In the code chunk below, create a new variable
IL6.difference which equals IL6.after.Yoga
minus IL6.after.Movement in the yoga dataset.
In addition, summarize the three variables (IL6.after.Yoga,
IL6.after.Movement, and IL6.difference) using
the inspect() and select() functions.
# Enter code here
yoga <- yoga %>%
dplyr::mutate(IL6_difference = IL6_Yoga - IL6_Movement)
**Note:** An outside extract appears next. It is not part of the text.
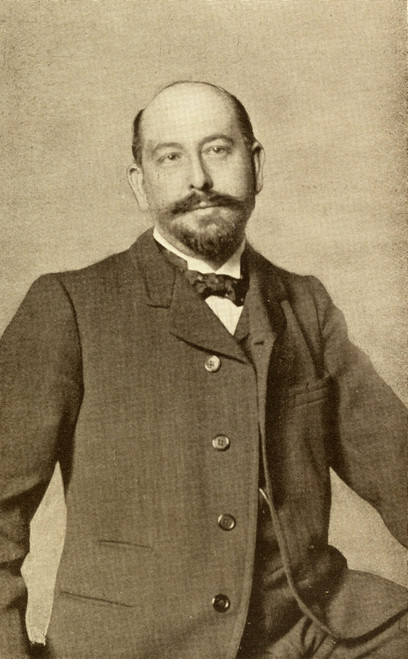 Alfred Capus, 1857-1922. French Author. From The Book The Masterpiece Library Of Short Stories, French And Belgian. Volume 6 PosterPrint - Item # VARDPI1857585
inspect(yoga %>% dplyr::select(IL6_Yoga, IL6_Movement, IL6_difference))
##
## quantitative variables:
## name class min Q1 median Q3
## 1 IL6_Yoga numeric 0.339 0.98050 1.9410 3.55200
## 2 IL6_Movement numeric 0.292 1.11400 1.5865 2.87850
## 3 IL6_difference numeric -5.970 -1.00775 -0.1390 1.31475
## max mean sd n missing
## 1 8.097 2.44988 1.866505 50 0
## 2 6.703 2.21982 1.582499 50 0
## 3 6.413 0.23006 2.272045 50 0
Perform a two-sided one-sample t-test comparing the mean of
IL6.difference to zero. See lab 5 for help.
# Enter code here
t.test(yoga$IL6_difference, mu = 0)
##
## One Sample t-test
##
## data: yoga$IL6_difference
## t = 0.71599, df = 49, p-value = 0.4774
## alternative hypothesis: true mean is not equal to 0
## 95 percent confidence interval:
## -0.415648 0.875768
## sample estimates:
## mean of x
## 0.23006
Finally, look at the distribution of each of the IL-6 measurements
(IL6.after.Yoga and IL6.after.Movement) and
also the distribution of the difference (IL6.difference)
using histograms. Here, for the gf_histogram() function,
specify the parameter bins=8 for all the
three histograms. See labs 4 and 5 for how to generate histograms.
# Enter code here
gf_histogram(~ IL6_Yoga, data = yoga, bins = 8)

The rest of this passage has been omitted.